Response 3: We would like to thank the respected referee for this precise comment. In the revised version, two more remote sensing experiments are added to verity the effectiveness of the OMRF-AP in the experimental section. One is a very high spatial resolution remote sensing image, sized 2500×2500 with 0.1m spatial resolution (Page 15, figure 12). The other is a Gaofen-2 image that comes from a remote sensing dataset named Gaofen Image Dataset (GID), sized 1500×1500 with 3.2m spatial resolution (Page 16, figure 13). Moreover, we also have discussed why NED-MRF performs better than OMRF-AP for the cases of Fig. 8 and Fig. 9. in the discussion section (page 19).


Point 4: According to Table 5, the post-processing module (OMRF-APP) leads to minor improvements compared to OMRF-AP. Α comparison, in terms of computational time, between OMRF-AP and OMRF-APP would be useful in order to evaluate the efficiency of the post-process module. A more thorough evaluation should also include results from the application of the post-process step in the outcome of the rest comparative methods.


Response 4: We would like to thank the respected referee for this precise comment. In the revised version, the post-processing computational time is also considered in Table 6 (page 19). And the post-process step is also applied to the rest object-based comparative methods, the quantitative indicators are compared and demonstrated in Table 5 (page 17).


Point 5: Overall, the contribution of this work is not well grounded by the experimental results. The out-performance of OMRF-AP compared to other MRF-based methods is inconsistent since NED-MRF presented higher performance in half of the examined cases. Furthermore, the advantages of the proposed method are unclear compared to other semantic segmentation methods, especially those including deep learning. OMRF-AP requires prior knowledge of the data, a lot of fine-tuning and provides coarse segmented results. On the contrary, deep learning techniques have proved their ability to provide fine segmentation results and generalize well in unseen data. Which are the benefits of the proposed method compared to deep learning models especially in the case of remote sensing data?

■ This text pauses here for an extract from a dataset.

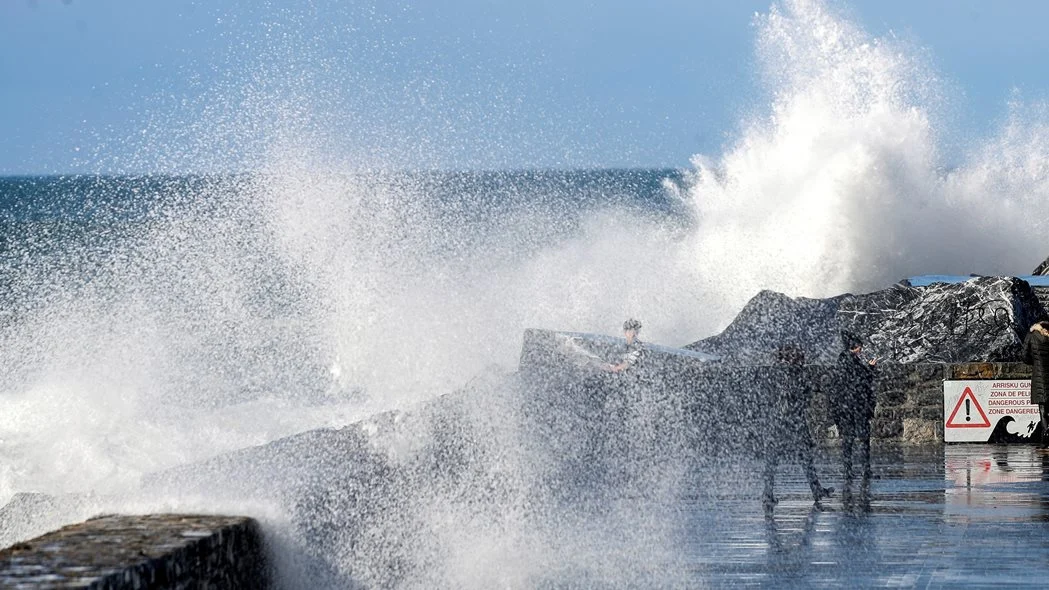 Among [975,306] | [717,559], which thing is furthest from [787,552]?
[975,306]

Response 5: We would like to thank the respected referee for this valuable comment. In the revised version, more experiments of HSR remote sensing images are used to verify the superiority of the proposed method, and its advantages are further discussed in the new section ‘Discussion’ (page 19). In this section, we also discuss the benefits of the proposed method compared to deep learning in the case of remote sensing data. Namely, compared with other semantic segmentation methods, such as deep learning, the OMRF-AP has the complete theoretical foundation, and its APM has a clear and reasonable semantic interpretation. The proposed method is also very efficient as it does not need training processing.

Reviewer 3 Report

The paper presents an object-based Markov random filed model with anisotropic penalty for high resolution remote sensing image classification. The proposed method is interesting and performs well by distinguishing the differences in the interactions between any two land classes. Overall, this paper is well-presented and easy to follow, but there still have some issues need to be addressed. The justifications are detailed in the following:
(1) Section 1 should be improved. Authors are more focused on the problems of MRF itself, but the reason why MRF was chosen among many approaches to extract semantic information is not clearly discussed.
(2) Section 3 is not suitable to be a separate section. Since it introduces the parameter settings and algorithm of the proposed method, I would recommend moving section 3.1 to the experimental section, and integrating section 3.2 into section 2.2.
(3) The proposed method aims to improve the segmentation performance of HSR remote sensing images, but it is only evaluated on two HSR image patches, of which the SPOT5 experimental image size is only 438*438. More experiments on HSR remote sensing images are needed to prove the superiority of the proposed OMRF-AP.
(4) Please discuss why the proposed OMRF-AP achieves better experimental results on remote sensing images, but worse results on texture images, when compared with the NED-MRF.
(5) Conclusions should be extended. The section can be extended with statistical data obtained in experiment and with discussion about future experiments or improvements of method.
(6) Line 32: “Image” has incorrect font.
(7) Page 4: Formula numbers are not aligned.
(8) The format of the figure title is incorrect.
(9) Please check the format of the references.

Author Response

Response to Reviewer 3 Comments


The paper presents an object-based Markov random filed model with anisotropic penalty for high resolution remote sensing image classification. The proposed method is interesting and performs well by distinguishing the differences in the interactions between any two land classes. Overall, this paper is well-presented and easy to follow, but there still have some issues need to be addressed. The justifications are detailed in the following:


Point 1: Section 1 should be improved. Authors are more focused on the problems of MRF itself, but the reason why MRF was chosen among many approaches to extract semantic information is not clearly discussed.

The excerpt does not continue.